All the lines below need retyping exactly, apart from the images.

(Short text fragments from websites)
+ + +

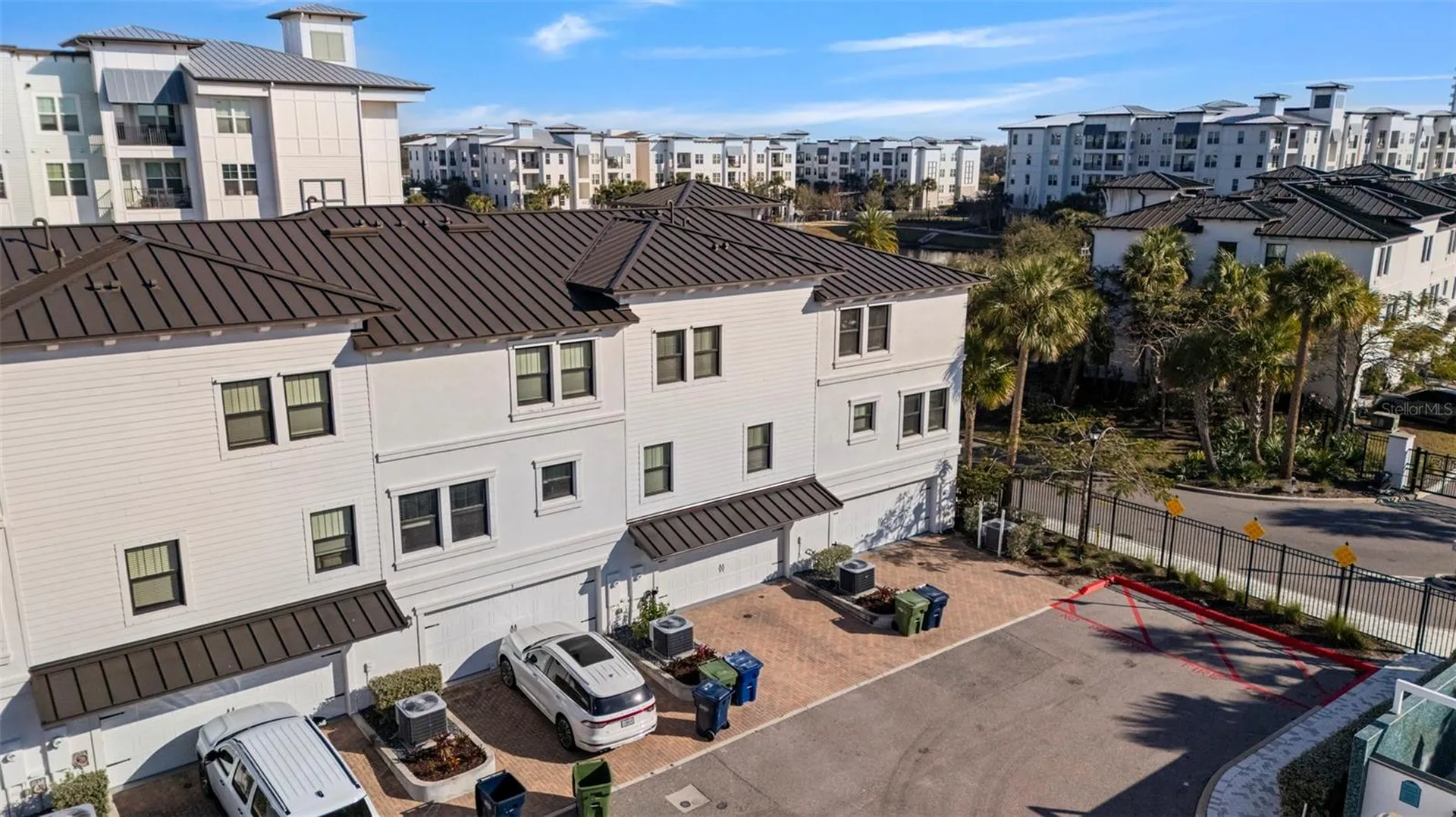5351 Bridge Street Tampa FL 33611
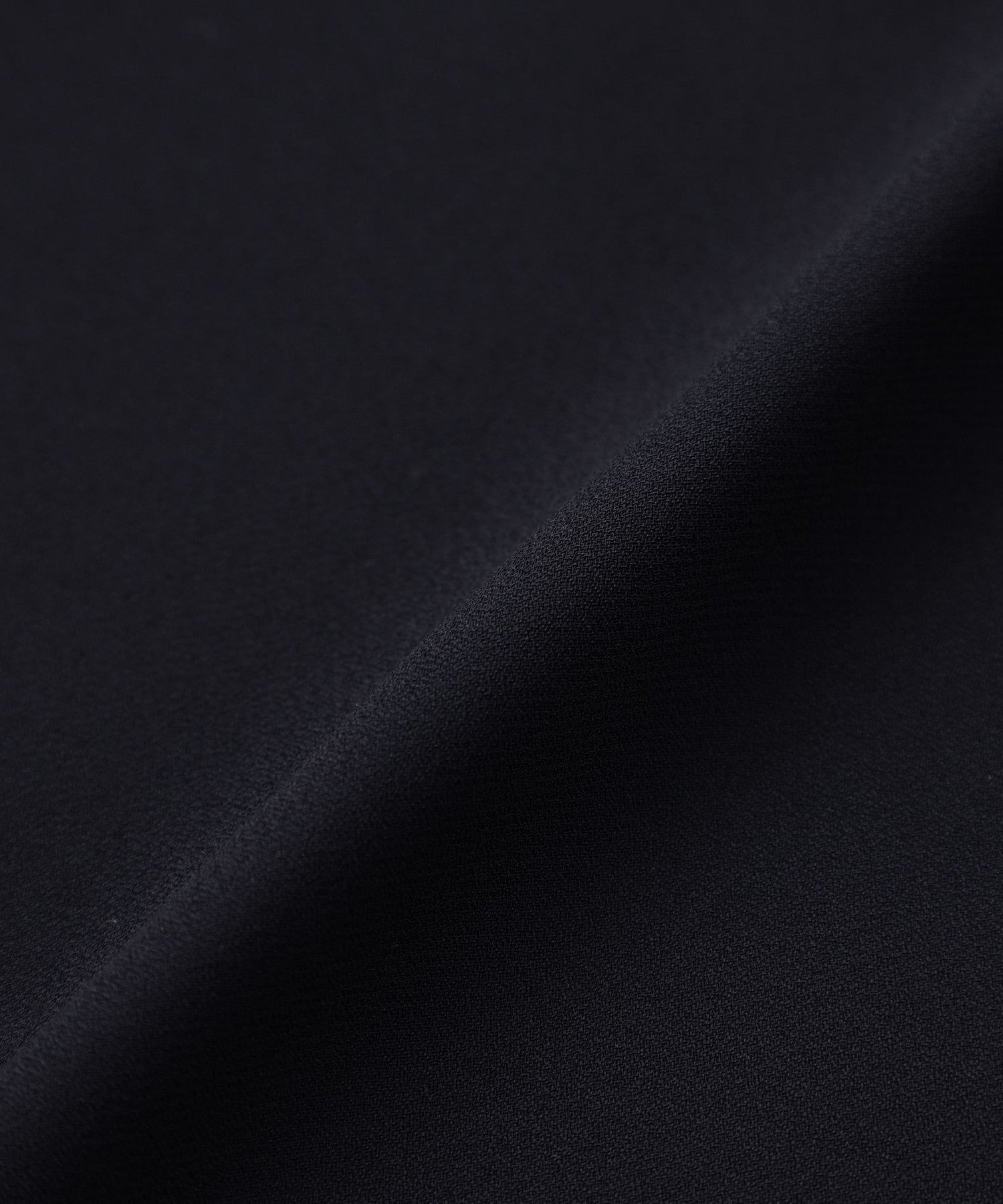 2151-K1L1861040__Q,40,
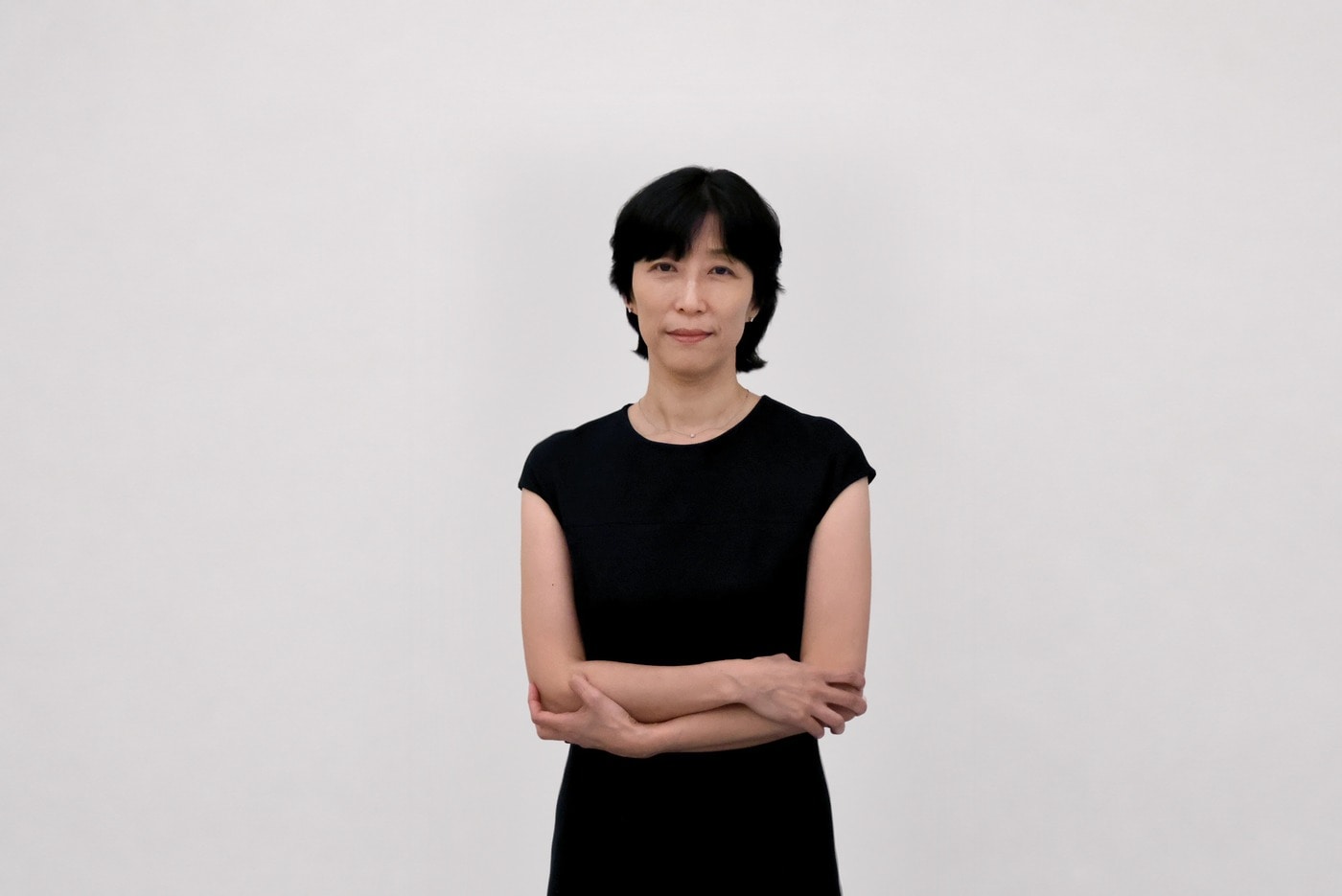 황희영 오픈서베이 대표
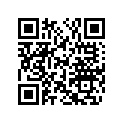 371006300 Pin Cotter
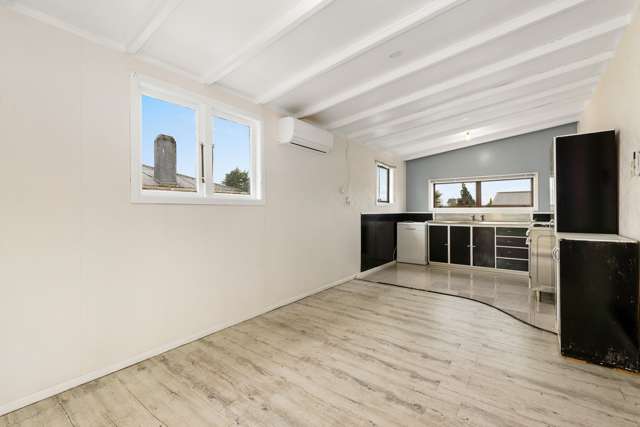 4 Ross Road Western Heights_1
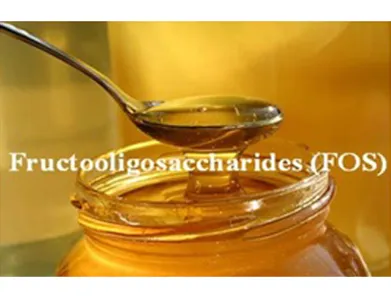 Prebiotics and Probiotics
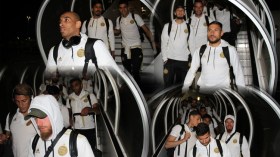 بلايلي وبونجاح ومحرز أوراق رابحة.. وديلور “الاكتشاف”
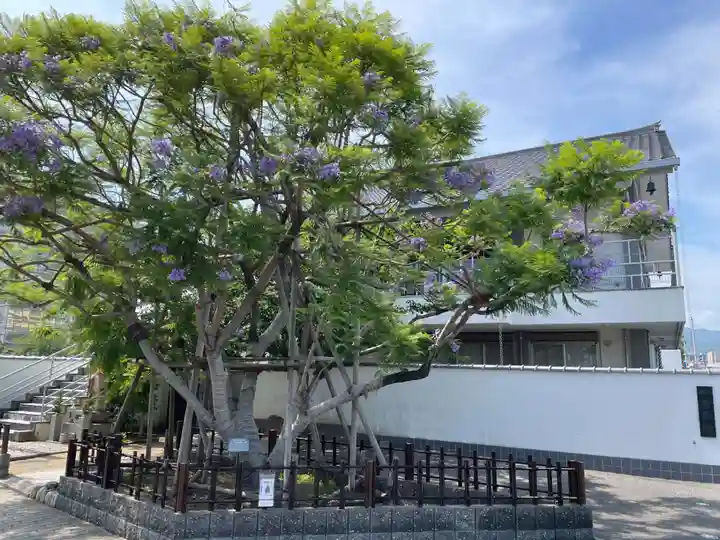 普照院(兵庫県)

+ + +

◆ RESPONSE TO THE EXERCISE ◆
5351 Bridge Street Tampa FL 33611
 2151-K1L1861040__Q,40,
 황희영 오픈서베이 대표
 371006300 Pin Cotter
 4 Ross Road Western Heights_1
 Prebiotics and Probiotics
 بلايلي وبونجاح ومحرز أوراق رابحة.. وديلور “الاكتشاف”
 普照院(兵庫県)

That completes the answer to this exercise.